→ **Exercise brief**:
Each record below is to be copied exactly; the pictures are to be omitted.

-- Given data follows --

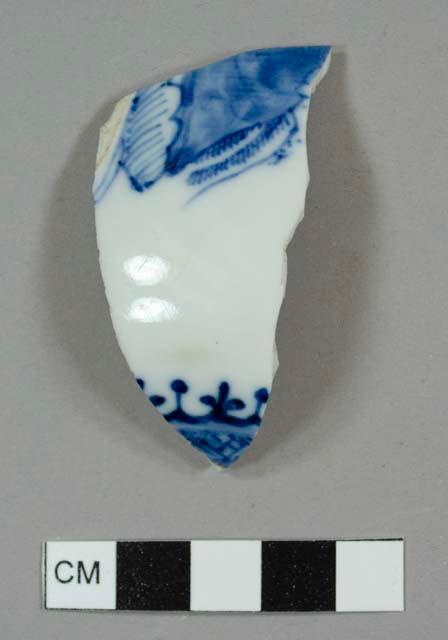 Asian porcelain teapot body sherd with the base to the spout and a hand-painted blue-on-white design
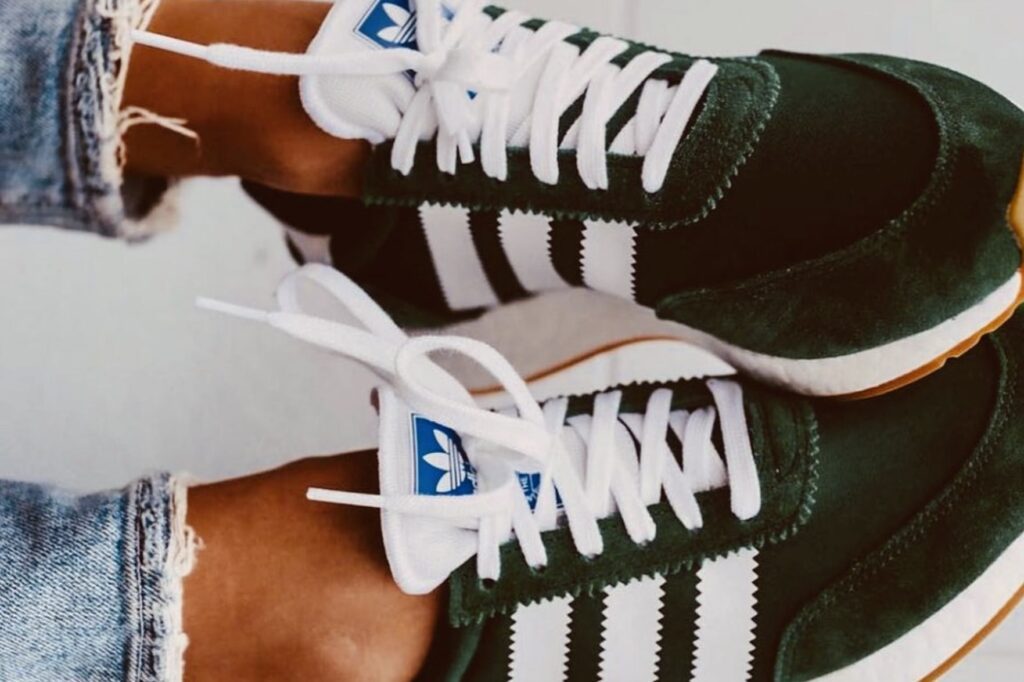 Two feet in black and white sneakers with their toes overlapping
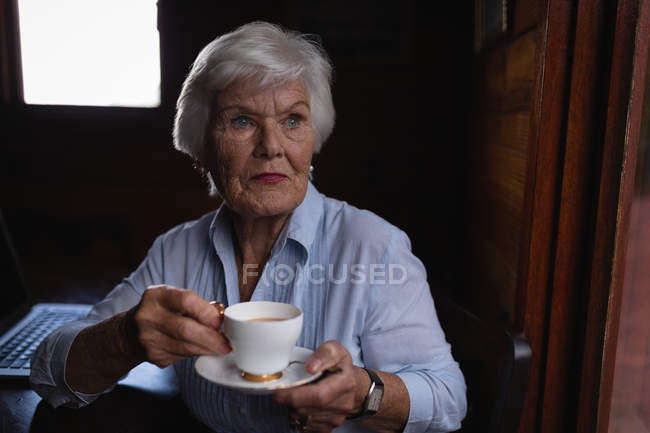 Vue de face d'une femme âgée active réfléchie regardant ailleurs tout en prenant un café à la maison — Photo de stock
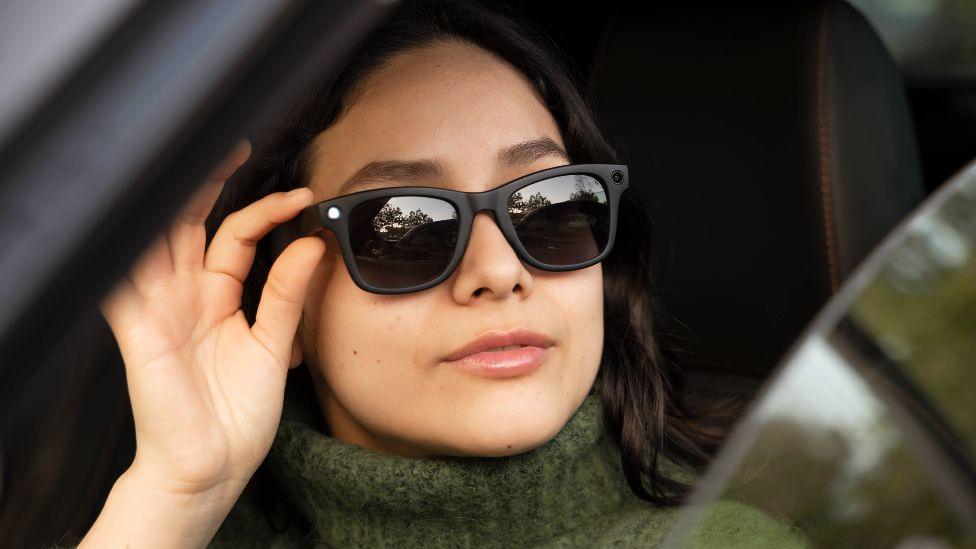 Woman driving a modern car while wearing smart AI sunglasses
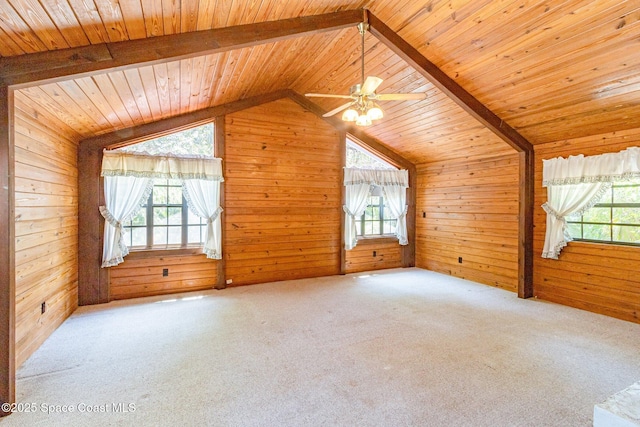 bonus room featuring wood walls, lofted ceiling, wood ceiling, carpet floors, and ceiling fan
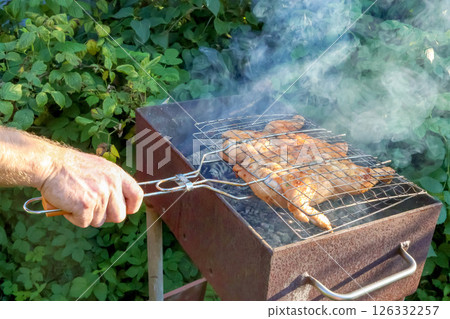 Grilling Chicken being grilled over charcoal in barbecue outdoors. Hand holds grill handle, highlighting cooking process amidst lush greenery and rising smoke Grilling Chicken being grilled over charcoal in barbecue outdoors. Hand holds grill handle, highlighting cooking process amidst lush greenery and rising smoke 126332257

-- Given data concluded --

→ **Output for this exercise**:
 Asian porcelain teapot body sherd with the base to the spout and a hand-painted blue-on-white design
 Two feet in black and white sneakers with their toes overlapping
 Vue de face d'une femme âgée active réfléchie regardant ailleurs tout en prenant un café à la maison — Photo de stock
 Woman driving a modern car while wearing smart AI sunglasses
 bonus room featuring wood walls, lofted ceiling, wood ceiling, carpet floors, and ceiling fan
 Grilling Chicken being grilled over charcoal in barbecue outdoors. Hand holds grill handle, highlighting cooking process amidst lush greenery and rising smoke Grilling Chicken being grilled over charcoal in barbecue outdoors. Hand holds grill handle, highlighting cooking process amidst lush greenery and rising smoke 126332257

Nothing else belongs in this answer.